Anton Bruckner (1824-1896) wordt steeds gezien als een componist die zwaar op de maag zou liggen. Mogelijk wordt dit veroorzaakt door zijn strenge portret en conservatieve reputatie. Toch mag dit alles met een meer dan flinke korrel zout gezien worden. Net datgene wist organist/dirigent Hansjörg Albrecht aan te tonen met zijn nieuwe album, waarop de wereldpremière van zijn transcriptie van de Nullte Symphonie in D min van Bruckner voor orgel te horen is – ingeleid door de Ouverture in G min WAB98 getranscribeerd door Rudolf Innig en het Choralvorspiel van de hedendaagse componist Philipp Maintz, die zich volledig liet inspireren door de meester zelf.

Het is waar, Bruckner groeide op in het Oostenrijk waarin kerk en staat nauw waren verbonden en het alledaagse leven beheersten.
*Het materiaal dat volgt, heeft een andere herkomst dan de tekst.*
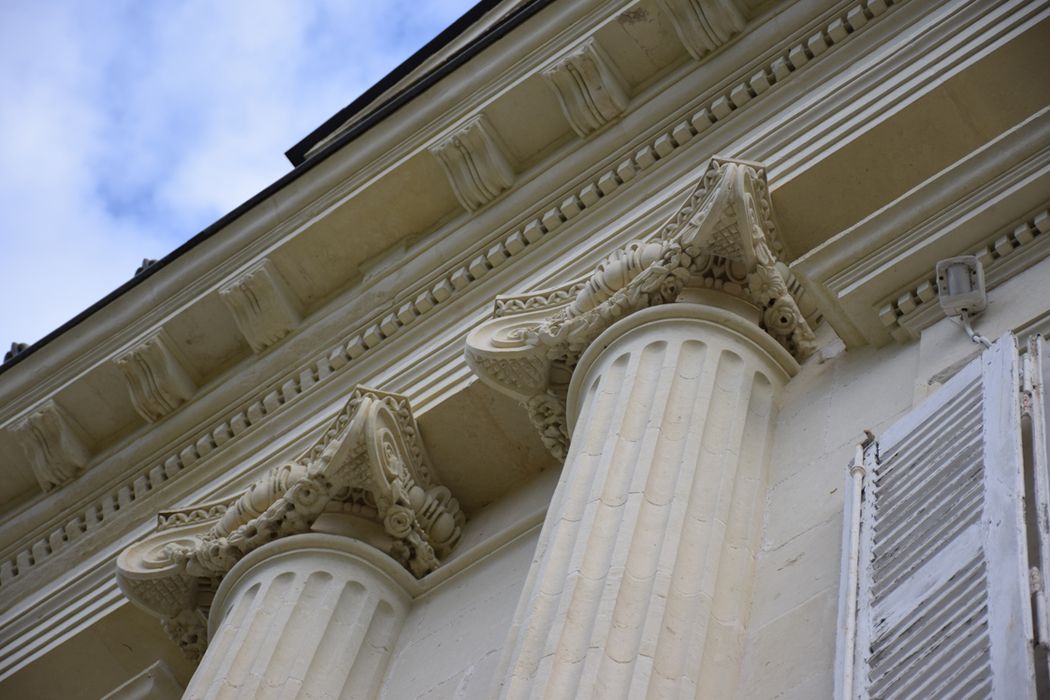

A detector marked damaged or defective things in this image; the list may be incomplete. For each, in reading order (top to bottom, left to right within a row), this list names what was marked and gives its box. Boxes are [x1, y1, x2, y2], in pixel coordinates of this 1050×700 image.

Dat klinkt op zich al zwaar. Het was de preperiode van de Maartse Revolutie van 1848. Tot die tijd had keizer Ferdinand I het land in een totale politiestaat veranderd. De komst van Franz Joseph bracht niet veel beterschap, gezien deze tijdens zijn lange leven niet echt voor vernieuwing heeft gezorgd.
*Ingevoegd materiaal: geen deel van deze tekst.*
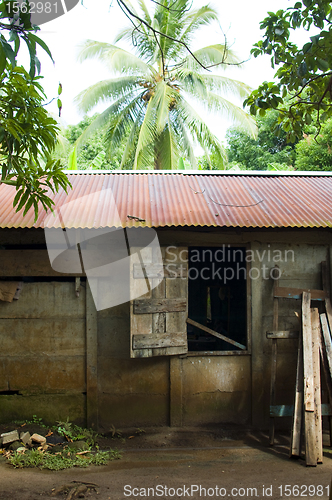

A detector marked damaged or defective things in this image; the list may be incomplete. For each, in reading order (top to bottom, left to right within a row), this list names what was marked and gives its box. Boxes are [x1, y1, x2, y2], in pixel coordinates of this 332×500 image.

rusty roof panel [1, 170, 332, 229]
Bruckner groeide op binnen een volks milieu, hetgeen resulteerde in een soort van naïef conservatisme eerder dan conservatisme door puur persoonlijk aangeworven overtuiging.  Dit maakte zijn overtuiging heel natuurlijk aanvoelen. Het enige dat opmerkelijk en uitzonderlijk anders was voor zijn omgeving, was zijn geniale muzikaliteit.

Hij evolueerde dan wel eerder conform, en in de eerste instantie onopgemerkt. Toch waren zijn rasse schreden zekerder dan ooit. Zo kwam hij na de Domskirche in Linz in de Notre Dame van Parijs terecht, waar hij voor een menigte speelde tot verbazing van een aantal groten uit het Frankrijk van toen, zoals Charles Gounod, Camille Saint Saëns en César Franck. Zijn volgende stap zou de Royal Albert Hall worden. De rest van zijn leven zou hij een gevestigde waarde binnen het Weense muziekscène worden. Hij legde de lat hoog voor zichzelf en componeerde vanaf die tijd minstens een fuga dagelijks.
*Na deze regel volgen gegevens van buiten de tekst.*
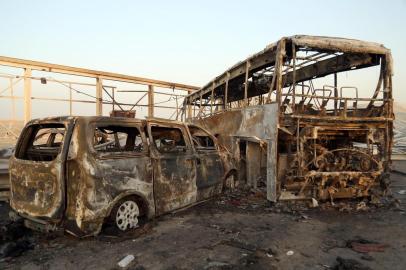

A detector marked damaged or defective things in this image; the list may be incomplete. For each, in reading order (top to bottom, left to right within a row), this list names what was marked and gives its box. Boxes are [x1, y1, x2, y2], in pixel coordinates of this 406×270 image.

Dat Hansjörg Albrecht Anton Bruckner als persoon en musicus helemaal heeft ontleed staat vast.  Zijn internationale ervaring binnen de (semi)liturgische muziek reikt van Bach tot Messiaen. Wat hij vooral mooi verwerkte, zijn de Wagneriaanse invloeden, het mystiek mistige dat doorheen de hele opname als rode draad loopt. Vervolgens zijn er mooie Slavische accenten waar te nemen. Er is lucht gegoten in de composities, waardoor eenieder die Bruckner nog als zwaar omschrijft, eerder verwijst naar het keurslijf waar men hem decennia lang in heeft verbannen. Zoals Bruckner zijn muziek van orgel op orkest overbracht, brengt Albrecht de kanken terug over van orkest naar orgel. Bruckner wordt terug als jonge en dynamische componist op de kaart gezet.

Laat het licht dus weer schijnen door het kerkraam, en zich vlak voor het orgel manifesteren. Ieder straaltje werd in dit album verwerkt, en dit maar liefst tweeënzestig minuten lang.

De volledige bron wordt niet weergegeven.